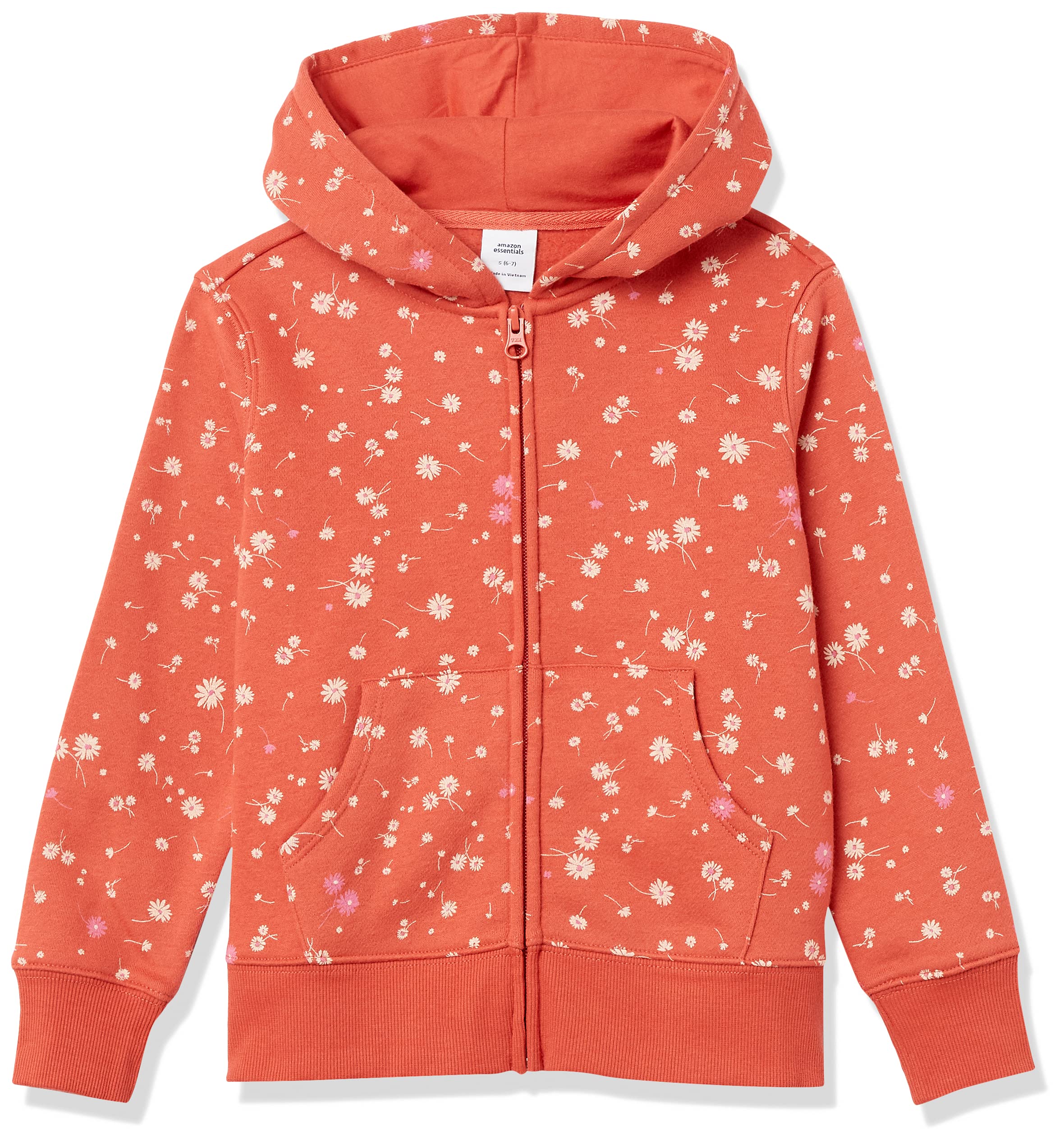Amazon Essentials Girls and Toddlers' Fleece Zip-Up Hooded Sweatshirt with Lined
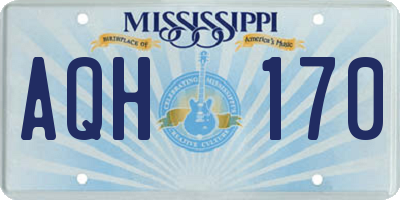 MS license plate AQH170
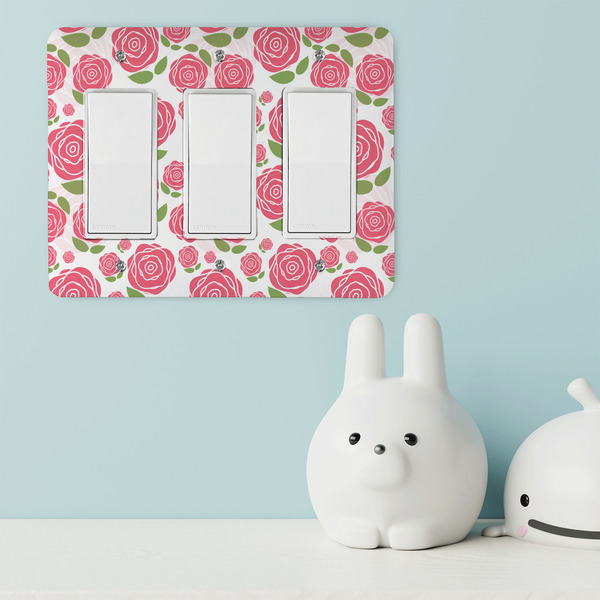 Roses Rocker Light Switch Covers - Triple - IN CONTEXT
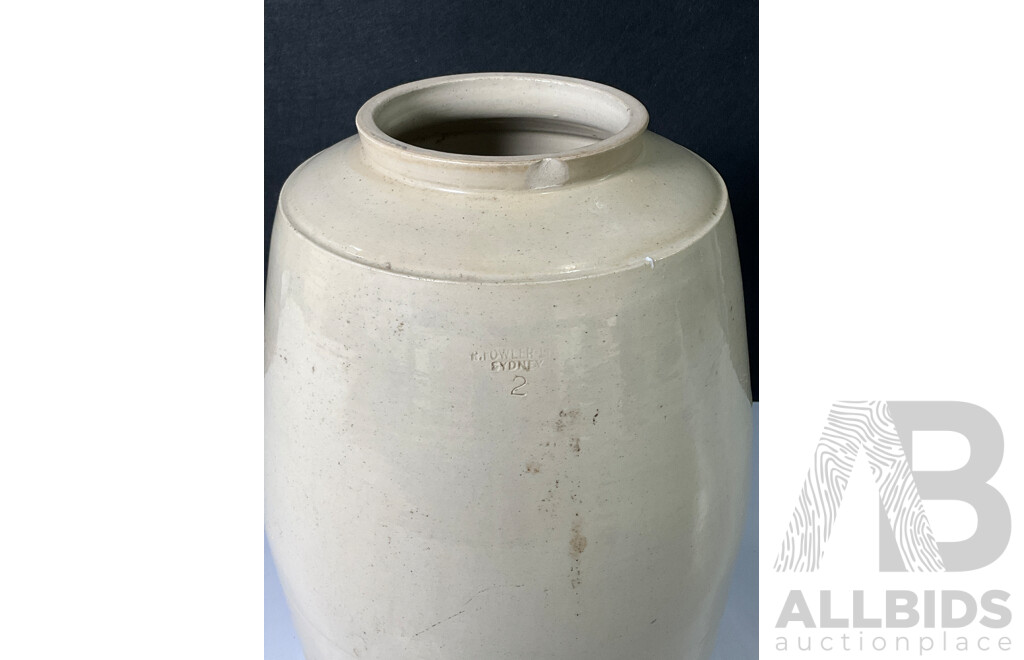 Antique Fowler Stoneware Water Crock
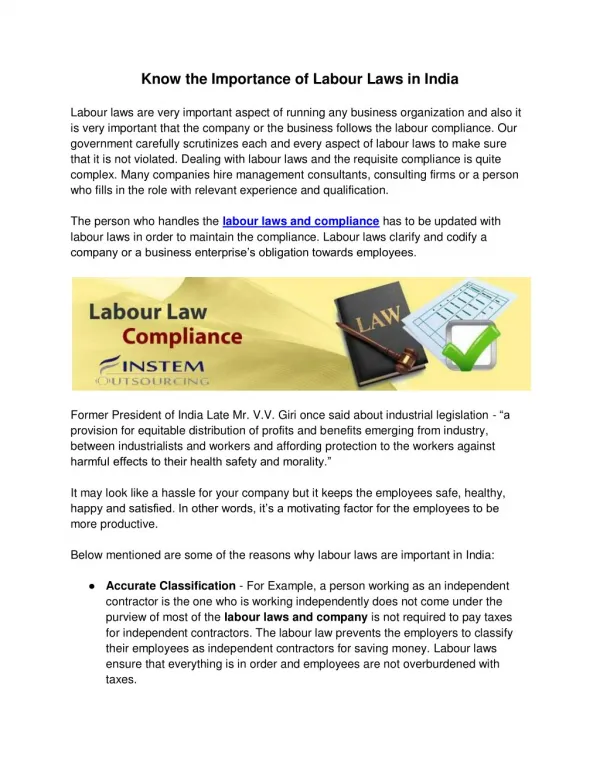 Know the Importance of Labour Laws in India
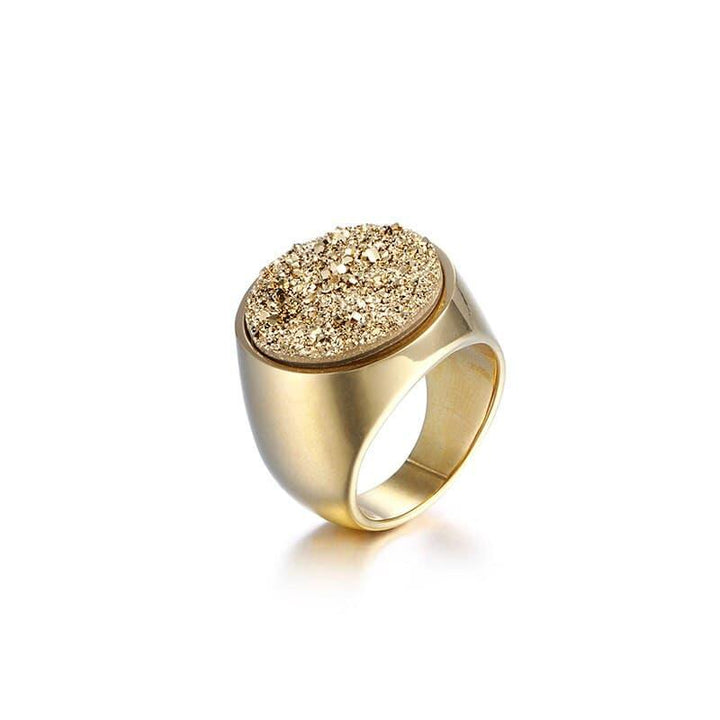 KALEN Round Colourful Crystal Bud Bague Rings For Women Gold Color Stainless Steel Wedding Bands Mujer Anillos Elegant Jewelry.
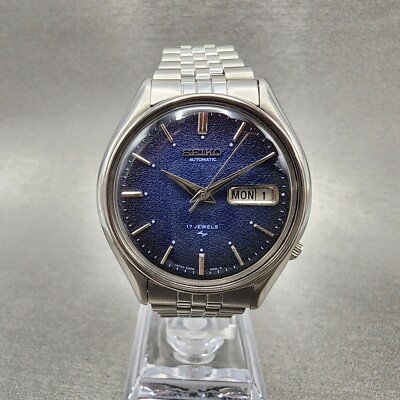 Seiko Automatic Watch Men 38mm Blue Texture Dial Steel Daydate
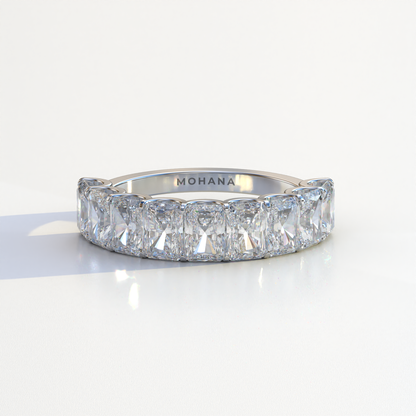 5mm Radiant Cut Lab Diamond Band - Halfway Eternity Band - Amber Bloom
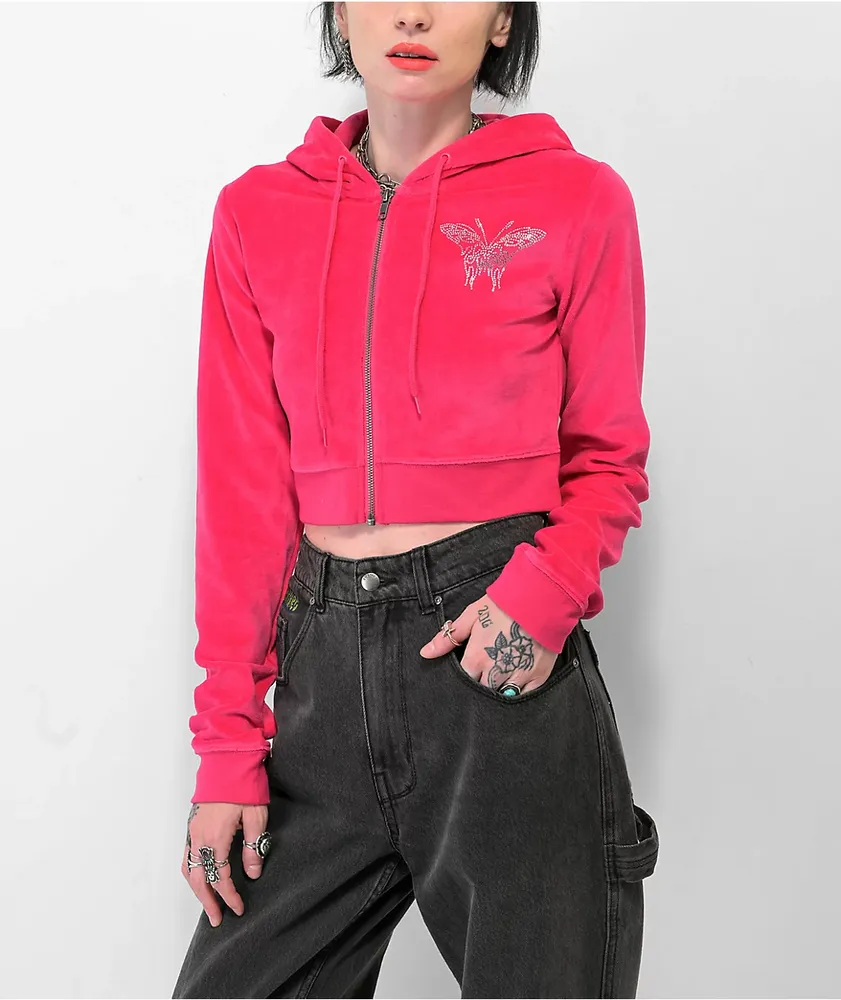 Pink crop sale zip hoodie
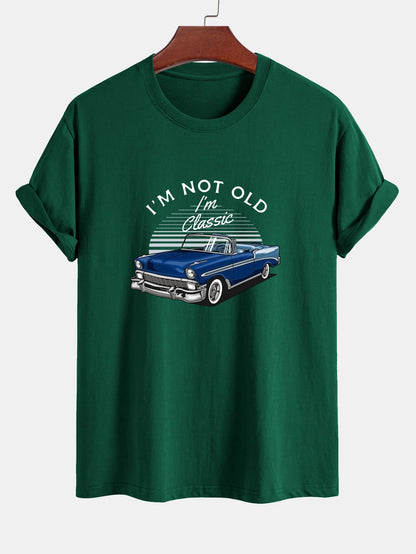 Regular Fit Car Slogan Print Cotton T-Shirt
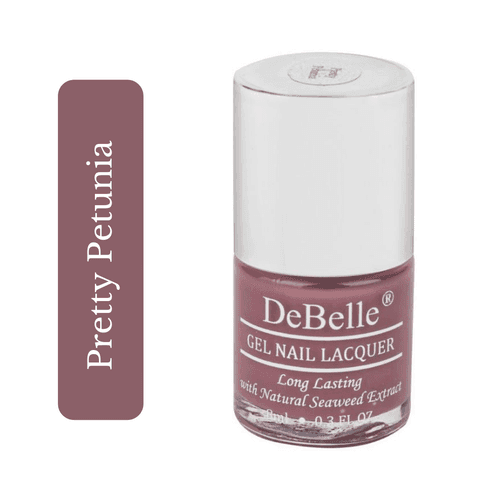 DeBelle Gel Nail Lacquer Pretty Petunia - (Vintage Mauve Nail Polish), 8ml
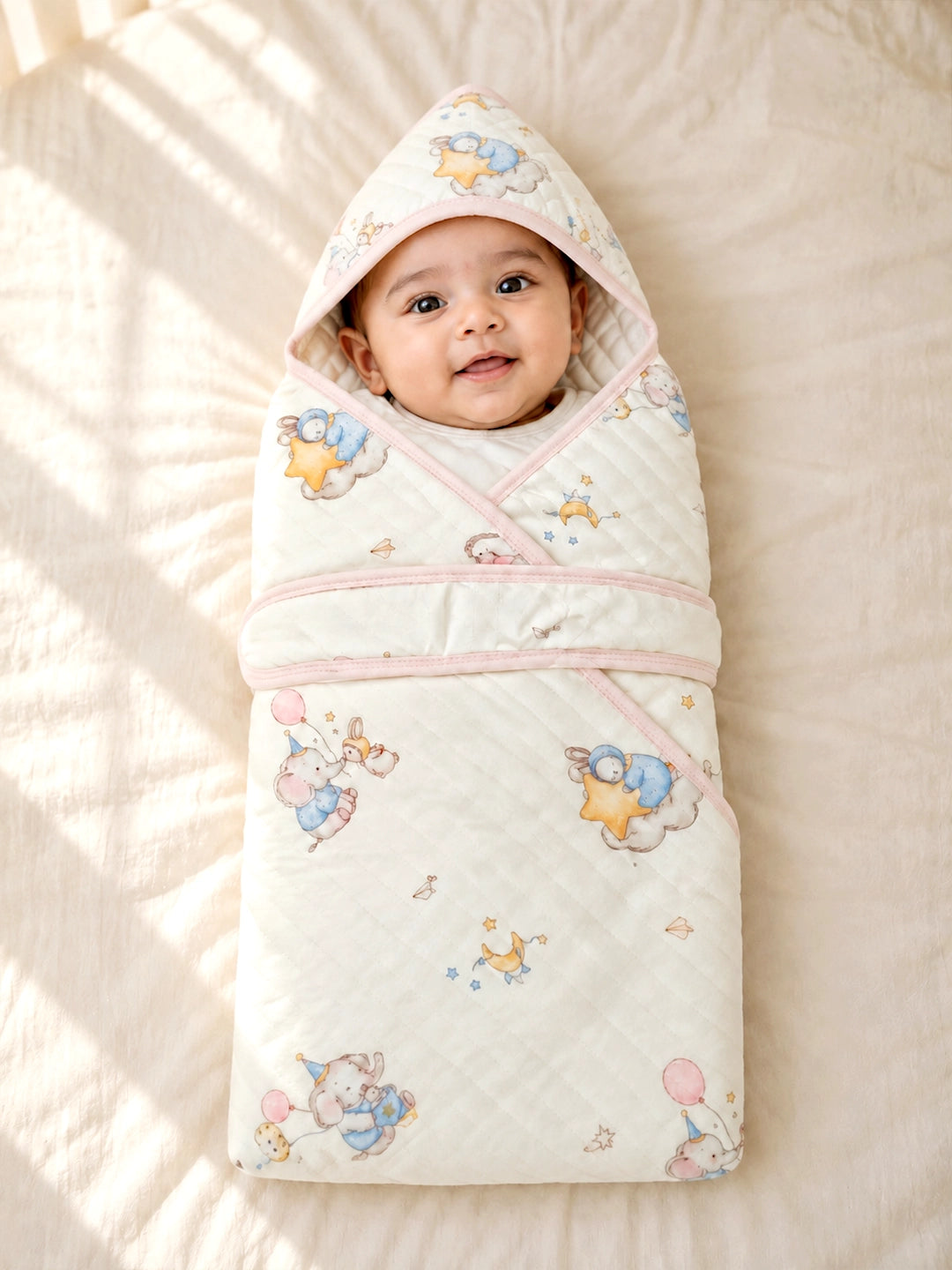 Dreamy Elephant & Bunny 6-Layer Muslin Cotton Baby Swaddle Blanket | 4-in-1 | 85×85 cm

===

WHAT TO PRODUCE:
Leave out the pictures and return, exactly as written, only the lines from the line with "Regular Fit Car Slogan Print Cotton T-Shirt" through the end of the records above.

RESULT FOR THIS TASK:
 Regular Fit Car Slogan Print Cotton T-Shirt
 DeBelle Gel Nail Lacquer Pretty Petunia - (Vintage Mauve Nail Polish), 8ml
 Dreamy Elephant & Bunny 6-Layer Muslin Cotton Baby Swaddle Blanket | 4-in-1 | 85×85 cm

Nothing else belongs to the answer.